Men Can Wear Pink
Pulling off a pink shirt can be done with confidence if you have the right pink shirt for you. If you feel uncomfortable or self conscious about wearing pink, let us assure you that pink is not always a female color, and historically pink being associated with the female is relatively new.
The generally accepted rule prior to 1900 was pink for the boys, and blue for the girls. The opposite of the accepted gender colors today. The reason is that pink , being a more decided and stronger color, is more suitable for the boy, while blue, which is more delicate and dainty, is prettier for the girl. Our current gender identification by color began in the early 20th century in the Western world.
Starting just before the 1920s, pink was deemed by many guides to be more appropriate for girls and blue for boys, although this wasn’t even remotely as popular as the “pink is for girls, blue is for boys” association that exists today; many people completely ignored the gender recommendations altogether.

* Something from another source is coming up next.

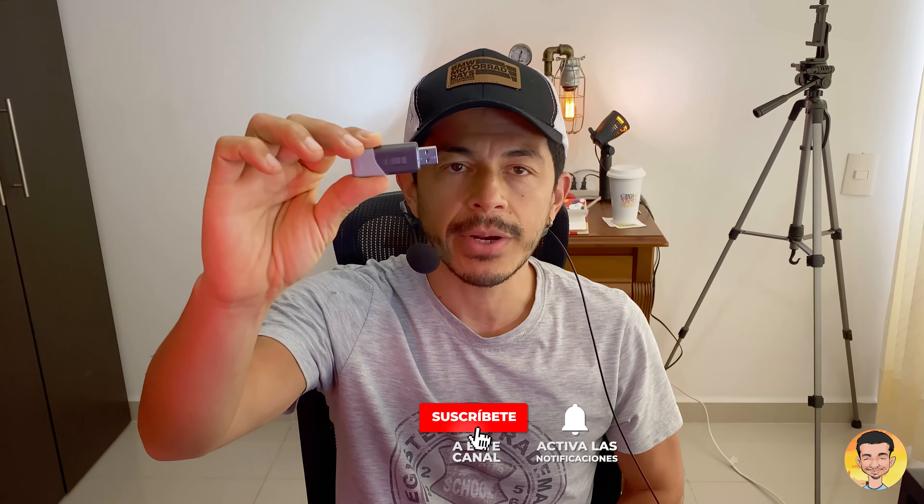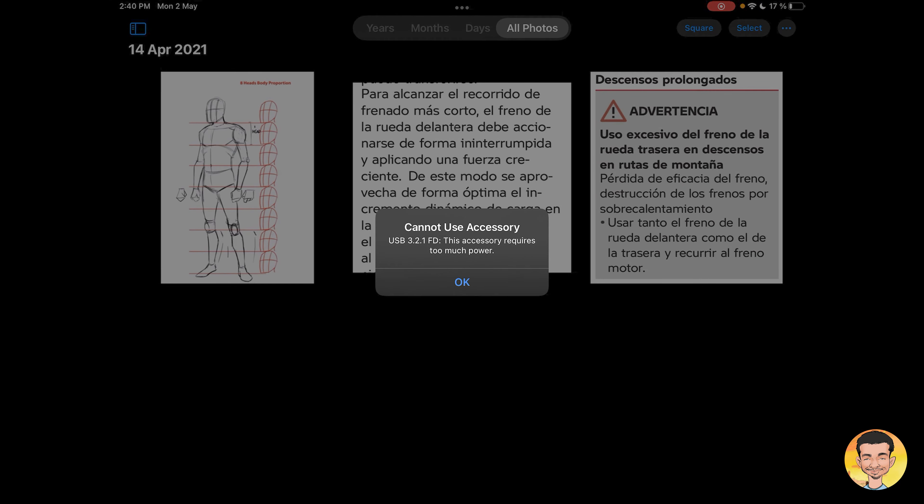As you can see, we can use the USB 2 memory without a problem. Now I'm going to connect a USB 3 memory — remember, this kind of memory needs more power. So this is the error I'm going to show you. When I connect this USB 3 memory using the simple cable adapter, we get the error: 'Cannot use accessory — this accessory requires too much power.' The iPad or iPhone cannot supply enough power to the USB 3 drive.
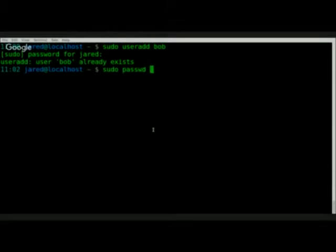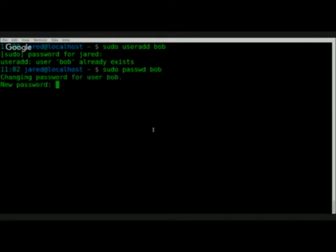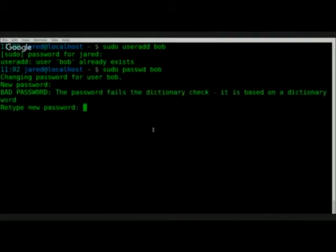So I do password, P-A-S-S-W-B, then you do his name, and right there it asks me to reset, because I don't know what his password is — it's encrypted. So I'm going to set him up: password123.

It is generally thought that the designation of gender colors was simply because if parents followed such a color scheme, they would have to buy a whole new wardrobe and set of baby accessories in the “appropriate” colors if they had a boy and a girl at some point, rather than just going with reusing the one set for both as before, increasing the sales of children's clothing.
Outside of situations where one is compelled to wear pink to show support for breast cancer, it still takes an extra ounce of confidence to sport a pink shirt. Pink is a strong color and wearing pink indicates confidence and strength.
That extra swagger is perhaps why men who don pink dress shirts have been shown to be better educated, make more money, and receive more compliments from the ladies around the office than their white-shirted peers.
The easiest way to stand out in a sea of blue and white, is a solid pink button-down dress shirt with a bit blue balances the look perfectly. A pink button down shirt with jeans is a great look.